When someone is accused of wrongdoing they have the opportunity to admit they were at fault and accept the consequences. So, for example, the police officer pulls you over for going 30 in a 20 MPH school zone. You can say: “Yes, I did that, and I am sorry. I am ready to accept the consequences.”
But if you feel that you are being wrongly accused, there are three basic responses available to you.
You can say NO: “NO. I didn’t do that. I’m not guilty.”
Or you can say YES BUT: “YES, I did what you say, BUT there was a good reason. Let me explain.”
Or you can say SO WHAT?: “Yes, I did exactly what you said that I did. SO WHAT?”
We think these three responses apply across the board, from children in school, to poor drivers, to defendants in lawsuits.
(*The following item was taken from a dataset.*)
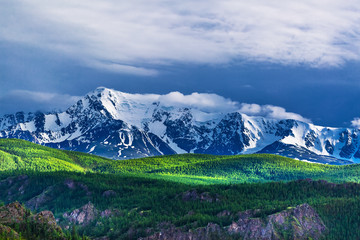 Fototapeta premium The North Chuyskiy mountain range. mountain Altai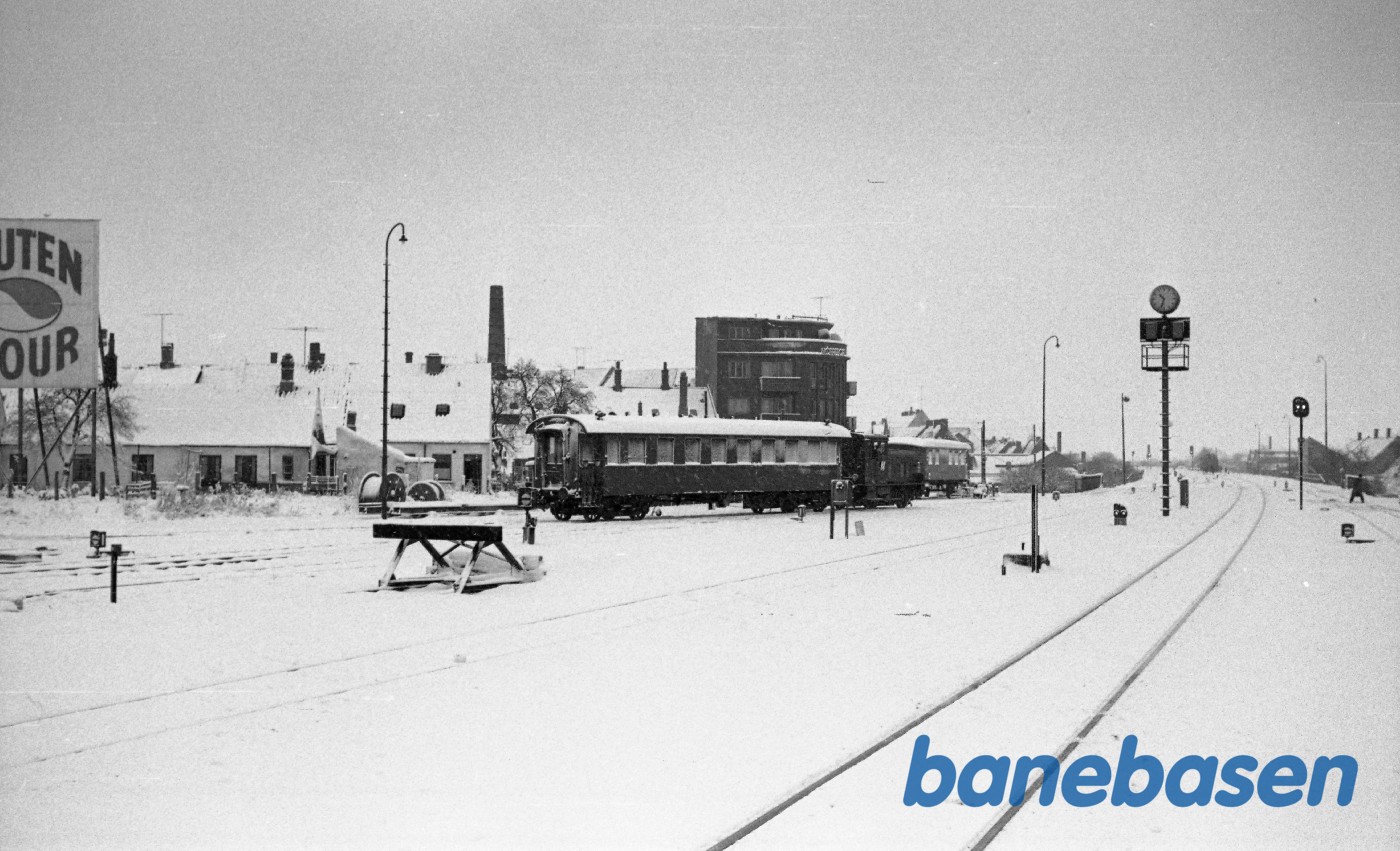 Ardelt rangerer med personvogn Ardelt rangerer med personvogn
Of course, lawyers have special labels to describe these three defenses. The “NO” defense is what we call a “general denial.” Your lawyer files a response to the lawsuit that flat out denies every allegation the plaintiff has made. This puts the burden of proof where it belongs—on the plaintiff who is bringing the lawsuit. You say I was driving 30 in the 20 MPH zone? I deny it! Prove it!!
The “YES BUT” defense is referred to as an “affirmative defense.” It admits the truth of the basic allegation, but then offers a worthy excuse. For example, “YES, I admit that I was driving 30 MPH in the school zone, BUT the blinking light was not blinking, and besides that my mother was in the emergency room, and I was rushing to be by her side.”
The “SO WHAT” defense is usually accompanied by a Motion for Summary Judgment. It acknowledges the truth of the allegation, and then contends that there was no violation of law. “Yes, I was driving 30 MPH. Yes, the light was blinking. But it was a Sunday afternoon and there was no school. No school—no school zone. The speed limit was actually 35. No violation of the law.”
Most good lawyers will offer all three defenses. “My client didn’t do it, Your Honor. But even if he did, he had a good reason for what he did. And even if it was not such a good reason, what he did is not a violation of law—so toss this case out!”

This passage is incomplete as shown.